(Entries shown Opens)

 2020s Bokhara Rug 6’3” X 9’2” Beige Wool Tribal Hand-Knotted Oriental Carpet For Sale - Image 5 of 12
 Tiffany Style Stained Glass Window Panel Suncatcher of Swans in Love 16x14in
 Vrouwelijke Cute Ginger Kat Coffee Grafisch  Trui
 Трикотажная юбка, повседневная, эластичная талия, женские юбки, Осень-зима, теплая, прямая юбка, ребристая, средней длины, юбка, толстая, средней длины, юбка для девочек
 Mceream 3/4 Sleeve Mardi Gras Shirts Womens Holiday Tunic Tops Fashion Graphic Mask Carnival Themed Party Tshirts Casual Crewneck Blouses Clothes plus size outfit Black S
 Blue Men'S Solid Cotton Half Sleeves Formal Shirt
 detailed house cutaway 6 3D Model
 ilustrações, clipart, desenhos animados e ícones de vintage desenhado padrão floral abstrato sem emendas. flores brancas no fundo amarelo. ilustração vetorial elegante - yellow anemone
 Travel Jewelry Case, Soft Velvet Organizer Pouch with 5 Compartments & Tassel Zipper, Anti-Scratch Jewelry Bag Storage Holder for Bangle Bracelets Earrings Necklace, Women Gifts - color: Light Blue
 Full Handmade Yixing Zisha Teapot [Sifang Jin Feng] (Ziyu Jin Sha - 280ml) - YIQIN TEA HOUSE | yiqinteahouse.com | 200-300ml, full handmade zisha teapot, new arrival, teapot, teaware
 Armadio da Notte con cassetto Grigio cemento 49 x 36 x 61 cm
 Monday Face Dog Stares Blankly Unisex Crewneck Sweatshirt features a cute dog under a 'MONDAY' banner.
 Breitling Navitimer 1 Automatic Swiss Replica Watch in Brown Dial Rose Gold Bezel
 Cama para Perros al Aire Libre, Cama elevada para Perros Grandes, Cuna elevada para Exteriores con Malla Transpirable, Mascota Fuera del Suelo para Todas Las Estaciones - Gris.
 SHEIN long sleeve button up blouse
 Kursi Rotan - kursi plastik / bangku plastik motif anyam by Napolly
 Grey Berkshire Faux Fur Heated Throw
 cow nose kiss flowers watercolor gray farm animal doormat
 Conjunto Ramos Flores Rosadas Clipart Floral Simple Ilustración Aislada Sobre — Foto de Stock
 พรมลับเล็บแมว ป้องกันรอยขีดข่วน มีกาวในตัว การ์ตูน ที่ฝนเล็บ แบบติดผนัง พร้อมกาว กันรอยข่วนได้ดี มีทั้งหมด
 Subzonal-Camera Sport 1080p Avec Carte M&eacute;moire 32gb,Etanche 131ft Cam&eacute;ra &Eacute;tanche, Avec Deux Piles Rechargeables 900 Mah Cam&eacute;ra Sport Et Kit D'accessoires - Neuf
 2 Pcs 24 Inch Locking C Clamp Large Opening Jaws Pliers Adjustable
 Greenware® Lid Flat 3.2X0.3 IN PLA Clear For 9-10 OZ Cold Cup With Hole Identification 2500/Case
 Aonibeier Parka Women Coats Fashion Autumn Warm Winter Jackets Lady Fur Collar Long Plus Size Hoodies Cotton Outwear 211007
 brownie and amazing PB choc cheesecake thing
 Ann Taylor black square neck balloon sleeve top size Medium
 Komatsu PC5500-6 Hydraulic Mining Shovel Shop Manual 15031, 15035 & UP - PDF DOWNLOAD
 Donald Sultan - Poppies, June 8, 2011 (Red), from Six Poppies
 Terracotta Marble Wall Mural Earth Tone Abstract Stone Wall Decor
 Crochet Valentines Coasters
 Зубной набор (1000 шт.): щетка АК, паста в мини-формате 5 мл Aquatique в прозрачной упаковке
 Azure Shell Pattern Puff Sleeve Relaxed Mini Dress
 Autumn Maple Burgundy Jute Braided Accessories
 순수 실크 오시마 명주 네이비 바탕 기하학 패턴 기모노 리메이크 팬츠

(Entries shown Closes)

[Exercise directions] In the listing above, find the line containing "Donald Sultan - Poppies, June" and the line containing "Зубной набор (1000", then retype both and every line between them exactly, with nothing else.

[Solution to the exercise]
 Donald Sultan - Poppies, June 8, 2011 (Red), from Six Poppies
 Terracotta Marble Wall Mural Earth Tone Abstract Stone Wall Decor
 Crochet Valentines Coasters
 Зубной набор (1000 шт.): щетка АК, паста в мини-формате 5 мл Aquatique в прозрачной упаковке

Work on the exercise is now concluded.